YOUR OBJECTIVE: Please give back exactly the line with "Kia Rio 2 of 5" and each line after it through the end of the material, leaving out the pictures.

SUPPLIED MATERIAL:
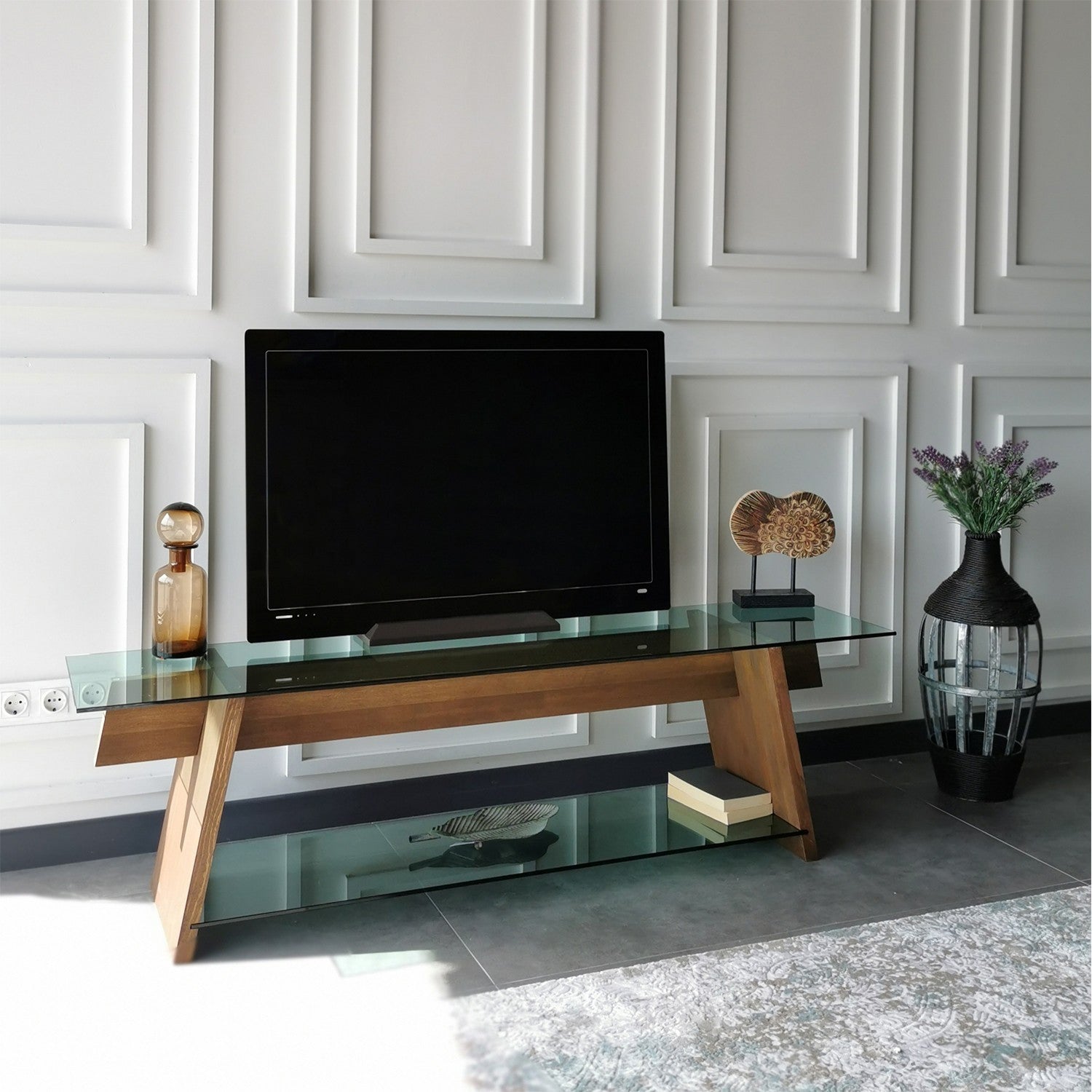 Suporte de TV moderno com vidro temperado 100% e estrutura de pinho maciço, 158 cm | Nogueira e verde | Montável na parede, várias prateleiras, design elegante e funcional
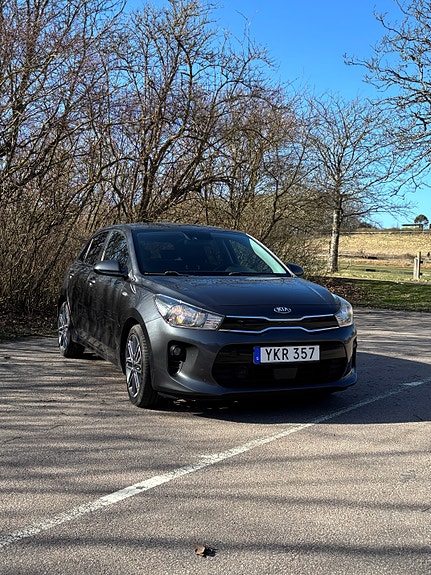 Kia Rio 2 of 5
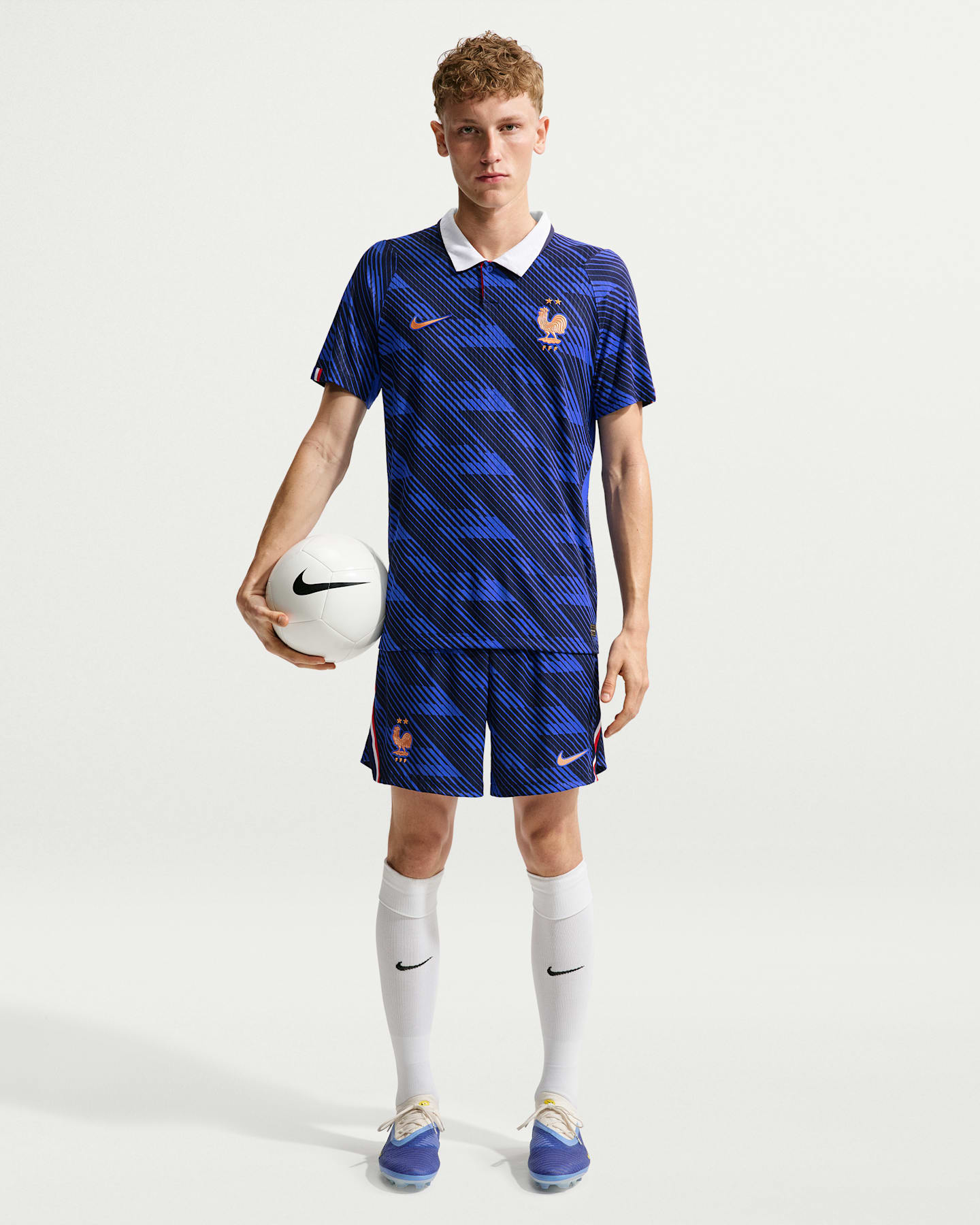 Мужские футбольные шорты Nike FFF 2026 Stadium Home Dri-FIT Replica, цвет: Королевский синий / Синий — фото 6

REPLY TO THE TASK:
 Kia Rio 2 of 5
 Мужские футбольные шорты Nike FFF 2026 Stadium Home Dri-FIT Replica, цвет: Королевский синий / Синий — фото 6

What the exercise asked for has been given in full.